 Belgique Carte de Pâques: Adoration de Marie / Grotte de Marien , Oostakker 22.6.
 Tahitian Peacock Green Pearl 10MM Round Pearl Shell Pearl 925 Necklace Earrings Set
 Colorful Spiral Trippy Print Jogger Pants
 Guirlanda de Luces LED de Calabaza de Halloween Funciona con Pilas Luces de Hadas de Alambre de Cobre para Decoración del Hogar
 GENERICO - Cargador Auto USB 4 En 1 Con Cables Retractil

┄┄┄┄┄┄

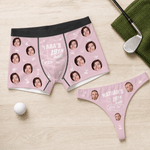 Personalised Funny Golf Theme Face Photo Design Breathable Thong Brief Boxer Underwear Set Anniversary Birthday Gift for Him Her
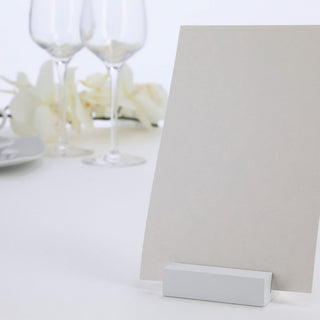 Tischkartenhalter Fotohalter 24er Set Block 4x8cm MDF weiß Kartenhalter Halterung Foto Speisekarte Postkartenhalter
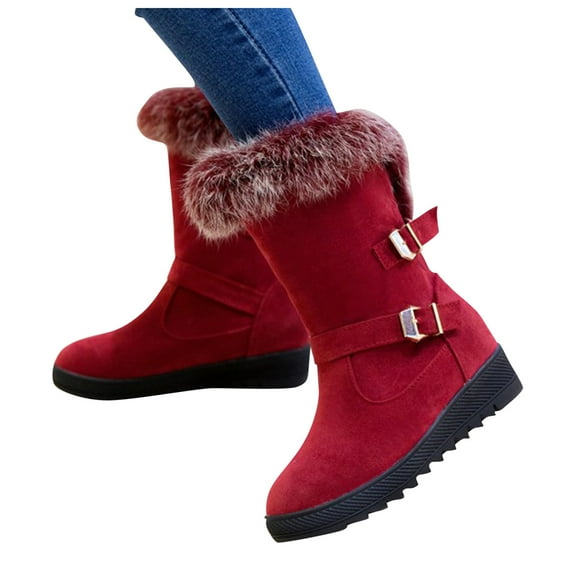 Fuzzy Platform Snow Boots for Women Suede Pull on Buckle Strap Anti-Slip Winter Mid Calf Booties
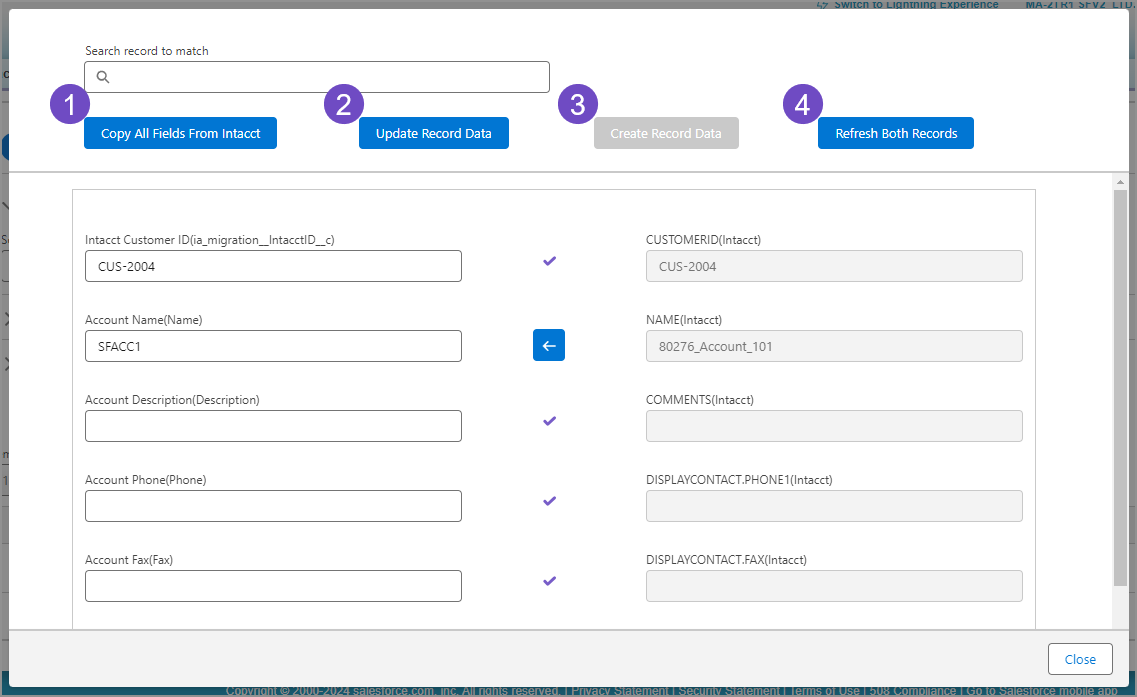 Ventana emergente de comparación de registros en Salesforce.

┄┄┄┄┄┄

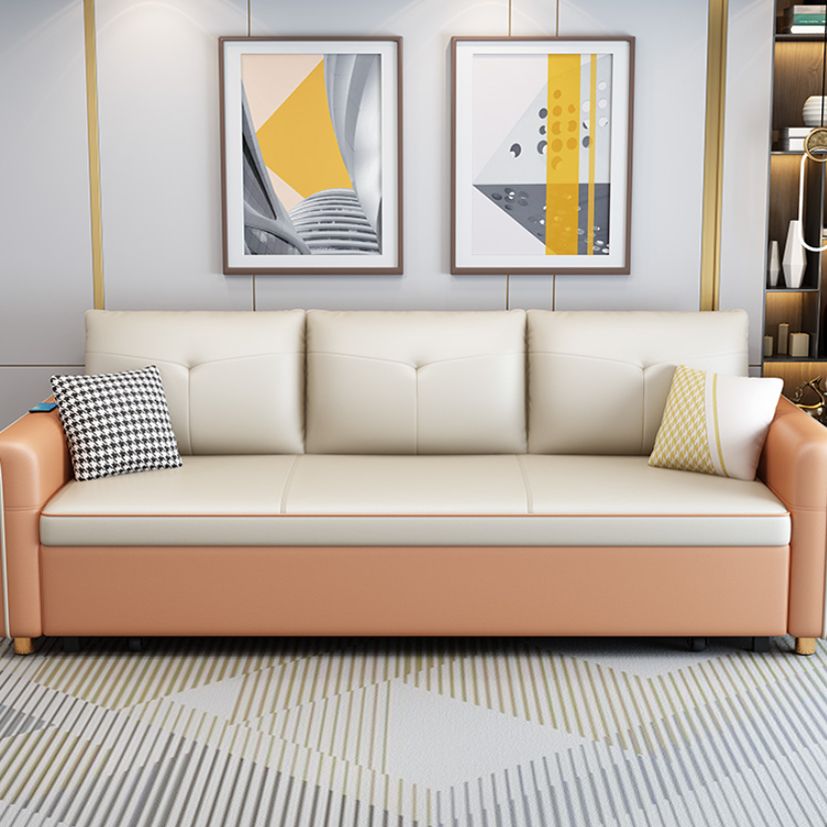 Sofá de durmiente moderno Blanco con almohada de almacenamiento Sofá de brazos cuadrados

┄┄┄┄┄┄

> [Work required]: Starting with the line that has "Tischkartenhalter Fotohalter 24er" and ending with the line that has "Ventana emergente de", repeat the lines above exactly, omitting every picture.

> [Solution to this exercise]:
 Tischkartenhalter Fotohalter 24er Set Block 4x8cm MDF weiß Kartenhalter Halterung Foto Speisekarte Postkartenhalter
 Fuzzy Platform Snow Boots for Women Suede Pull on Buckle Strap Anti-Slip Winter Mid Calf Booties
 Ventana emergente de comparación de registros en Salesforce.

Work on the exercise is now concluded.